*** SOURCE MATERIAL ***

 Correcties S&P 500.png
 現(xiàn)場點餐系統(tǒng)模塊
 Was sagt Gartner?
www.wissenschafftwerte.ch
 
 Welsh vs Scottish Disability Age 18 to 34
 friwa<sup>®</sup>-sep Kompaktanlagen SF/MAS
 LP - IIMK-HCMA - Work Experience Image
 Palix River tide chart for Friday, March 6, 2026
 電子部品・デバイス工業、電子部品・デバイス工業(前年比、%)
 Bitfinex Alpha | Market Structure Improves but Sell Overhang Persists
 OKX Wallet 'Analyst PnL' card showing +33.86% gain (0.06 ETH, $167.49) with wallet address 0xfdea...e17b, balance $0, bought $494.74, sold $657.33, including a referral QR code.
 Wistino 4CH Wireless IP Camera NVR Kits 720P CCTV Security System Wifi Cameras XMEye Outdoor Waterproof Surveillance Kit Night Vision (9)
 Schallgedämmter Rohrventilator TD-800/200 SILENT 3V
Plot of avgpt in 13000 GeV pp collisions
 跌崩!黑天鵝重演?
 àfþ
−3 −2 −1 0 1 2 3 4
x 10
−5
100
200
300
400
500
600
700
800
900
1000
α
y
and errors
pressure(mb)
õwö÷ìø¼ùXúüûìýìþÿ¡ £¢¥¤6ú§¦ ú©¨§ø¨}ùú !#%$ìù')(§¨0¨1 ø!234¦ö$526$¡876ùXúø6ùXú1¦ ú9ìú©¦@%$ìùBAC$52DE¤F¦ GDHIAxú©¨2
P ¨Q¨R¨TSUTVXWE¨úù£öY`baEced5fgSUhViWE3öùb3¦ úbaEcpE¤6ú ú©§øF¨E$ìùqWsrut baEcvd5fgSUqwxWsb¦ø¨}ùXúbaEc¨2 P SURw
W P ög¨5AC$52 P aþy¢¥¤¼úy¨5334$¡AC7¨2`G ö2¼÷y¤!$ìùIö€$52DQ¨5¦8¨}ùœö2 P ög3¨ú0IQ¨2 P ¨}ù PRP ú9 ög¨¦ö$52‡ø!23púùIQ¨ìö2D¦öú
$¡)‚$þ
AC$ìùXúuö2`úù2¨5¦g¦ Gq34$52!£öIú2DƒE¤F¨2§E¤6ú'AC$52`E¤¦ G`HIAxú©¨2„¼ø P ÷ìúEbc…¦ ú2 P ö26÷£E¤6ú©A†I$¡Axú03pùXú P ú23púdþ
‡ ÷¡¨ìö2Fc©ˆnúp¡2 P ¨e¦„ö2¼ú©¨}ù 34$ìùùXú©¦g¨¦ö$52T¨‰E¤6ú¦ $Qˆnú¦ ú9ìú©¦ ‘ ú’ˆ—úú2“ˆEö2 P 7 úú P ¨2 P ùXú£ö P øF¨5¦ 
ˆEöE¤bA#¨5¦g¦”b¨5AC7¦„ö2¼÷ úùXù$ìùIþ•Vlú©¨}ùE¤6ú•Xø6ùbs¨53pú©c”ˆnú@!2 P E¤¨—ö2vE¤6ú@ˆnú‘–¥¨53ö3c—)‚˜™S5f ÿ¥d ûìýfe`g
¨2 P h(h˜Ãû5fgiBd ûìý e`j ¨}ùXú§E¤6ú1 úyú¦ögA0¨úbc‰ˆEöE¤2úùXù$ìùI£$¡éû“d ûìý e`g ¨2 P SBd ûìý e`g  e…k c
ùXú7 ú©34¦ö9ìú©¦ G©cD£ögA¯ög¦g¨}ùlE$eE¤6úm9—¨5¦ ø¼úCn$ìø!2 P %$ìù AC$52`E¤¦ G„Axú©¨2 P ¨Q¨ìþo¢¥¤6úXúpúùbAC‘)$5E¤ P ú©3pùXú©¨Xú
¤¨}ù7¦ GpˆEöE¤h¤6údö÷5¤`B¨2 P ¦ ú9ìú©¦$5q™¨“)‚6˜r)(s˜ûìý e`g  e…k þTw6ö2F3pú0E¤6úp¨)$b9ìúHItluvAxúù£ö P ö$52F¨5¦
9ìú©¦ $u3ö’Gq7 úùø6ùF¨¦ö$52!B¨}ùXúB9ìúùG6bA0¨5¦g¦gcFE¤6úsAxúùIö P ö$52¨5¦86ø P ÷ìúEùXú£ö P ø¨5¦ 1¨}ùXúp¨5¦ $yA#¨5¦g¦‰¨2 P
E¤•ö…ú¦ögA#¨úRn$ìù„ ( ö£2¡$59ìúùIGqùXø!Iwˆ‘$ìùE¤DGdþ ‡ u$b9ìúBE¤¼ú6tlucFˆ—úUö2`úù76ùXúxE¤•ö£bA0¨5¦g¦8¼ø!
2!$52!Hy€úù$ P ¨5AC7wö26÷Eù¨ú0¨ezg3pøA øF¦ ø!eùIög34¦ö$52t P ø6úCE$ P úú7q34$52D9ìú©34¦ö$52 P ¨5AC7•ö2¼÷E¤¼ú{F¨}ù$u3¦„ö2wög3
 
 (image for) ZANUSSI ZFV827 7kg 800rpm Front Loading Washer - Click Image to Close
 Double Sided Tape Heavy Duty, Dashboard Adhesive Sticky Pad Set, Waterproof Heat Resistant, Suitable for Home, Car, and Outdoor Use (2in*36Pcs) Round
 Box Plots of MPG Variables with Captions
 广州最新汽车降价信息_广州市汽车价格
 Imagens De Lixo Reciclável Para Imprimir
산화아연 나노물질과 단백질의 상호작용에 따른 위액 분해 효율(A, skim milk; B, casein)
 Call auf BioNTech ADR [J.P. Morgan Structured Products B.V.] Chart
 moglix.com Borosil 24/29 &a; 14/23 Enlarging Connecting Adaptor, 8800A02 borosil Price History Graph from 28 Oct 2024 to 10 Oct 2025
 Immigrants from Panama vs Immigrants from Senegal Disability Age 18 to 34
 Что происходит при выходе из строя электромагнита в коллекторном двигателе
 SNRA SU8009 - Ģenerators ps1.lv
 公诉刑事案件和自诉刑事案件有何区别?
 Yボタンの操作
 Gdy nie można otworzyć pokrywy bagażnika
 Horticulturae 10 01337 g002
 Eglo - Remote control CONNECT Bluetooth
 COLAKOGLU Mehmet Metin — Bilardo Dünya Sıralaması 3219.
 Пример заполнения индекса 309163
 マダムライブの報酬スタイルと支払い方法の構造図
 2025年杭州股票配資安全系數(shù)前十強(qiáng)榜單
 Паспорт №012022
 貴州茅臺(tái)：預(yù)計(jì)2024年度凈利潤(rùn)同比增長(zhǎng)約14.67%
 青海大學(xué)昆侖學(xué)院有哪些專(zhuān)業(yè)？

*** End of SOURCE MATERIAL ***

● **EXERCISE DIRECTIONS**: Copy each line holding the word "with" from the listing above.

● **TASK SOLUTION**:
 OKX Wallet 'Analyst PnL' card showing +33.86% gain (0.06 ETH, $167.49) with wallet address 0xfdea...e17b, balance $0, bought $494.74, sold $657.33, including a referral QR code.
 Box Plots of MPG Variables with Captions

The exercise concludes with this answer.